Fuoripista vietato La monocoltura dello sci non regge al cambiamento climatico

Fuoripista vietato

La monocoltura dello sci non regge al cambiamento climatico

A Filzmoos, in Austria, per la mancanza di neve si scia su una pista artificiale in mezzo al terreno asciutto (ⓒAP Photo/Matthias Schrader)

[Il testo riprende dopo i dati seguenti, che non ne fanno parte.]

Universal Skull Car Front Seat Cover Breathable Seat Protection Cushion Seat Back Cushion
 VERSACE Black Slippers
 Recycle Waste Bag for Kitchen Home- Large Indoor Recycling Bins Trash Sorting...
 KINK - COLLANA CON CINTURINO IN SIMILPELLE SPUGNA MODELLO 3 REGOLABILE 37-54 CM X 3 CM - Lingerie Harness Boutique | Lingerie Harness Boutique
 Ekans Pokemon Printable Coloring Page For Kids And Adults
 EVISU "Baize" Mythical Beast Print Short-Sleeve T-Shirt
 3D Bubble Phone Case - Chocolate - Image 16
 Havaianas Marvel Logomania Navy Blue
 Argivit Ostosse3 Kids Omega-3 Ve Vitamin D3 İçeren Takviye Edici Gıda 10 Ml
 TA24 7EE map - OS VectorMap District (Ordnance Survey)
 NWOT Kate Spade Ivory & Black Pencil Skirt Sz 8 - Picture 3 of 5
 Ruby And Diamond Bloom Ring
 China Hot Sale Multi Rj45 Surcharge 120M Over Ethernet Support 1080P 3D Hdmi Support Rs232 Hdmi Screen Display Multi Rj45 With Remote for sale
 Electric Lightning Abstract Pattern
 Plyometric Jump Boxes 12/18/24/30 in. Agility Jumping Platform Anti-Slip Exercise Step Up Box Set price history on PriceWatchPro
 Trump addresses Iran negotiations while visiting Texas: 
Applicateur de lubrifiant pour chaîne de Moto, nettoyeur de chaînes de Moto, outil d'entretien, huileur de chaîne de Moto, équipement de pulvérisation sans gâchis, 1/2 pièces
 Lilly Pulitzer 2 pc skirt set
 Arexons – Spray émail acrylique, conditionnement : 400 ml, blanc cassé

La stagione sciistica si scontra con l’assenza di neve. La nuova normalità è la neve artificiale: dalle Olimpiadi invernali alle piste di tutto il Mondo, gli sport invernali non possono rinunciarvi. Le Olimpiadi di Pechino, ad esempio, si sono affidate quasi completamente all’innevamento artificiale, in una Regione i cui inverni si sono già accorciati di oltre dieci giorni rispetto agli anni Settanta. 

Sono infatti stati consumati 180 milioni di litri d’acqua per una superficie di 800mila metri quadrati, prelevati anche dalle fonti idriche necessarie alle attività agricole.

Per una pista da sci di 1.600 metri servono fino a 20mila metri cubi di acqua, ma anche una temperatura idonea a mantenerla: diverse gare di Coppa del Mondo di sci alpino, ad esempio, sono state cancellate per l’impossibilità di preparare le piste.
E lo scenario è destinato a peggiorare, con una perdita di quindici giorni di innevamento nelle aree montuose mondiali rispetto al 1982. L’ultimo report della World Meteorological Organization (WMO), inoltre, ha ipotizzato che tra quattordici anni non potremo più sciare sulle Dolomiti, dove si stima tra il 2036-2065 un aumento di oltre il 10% del rischio climatico indiretto per eventi legati alla presenza di neve sempre più scarsa e sempre più bagnata a causa dell’aumento della temperatura.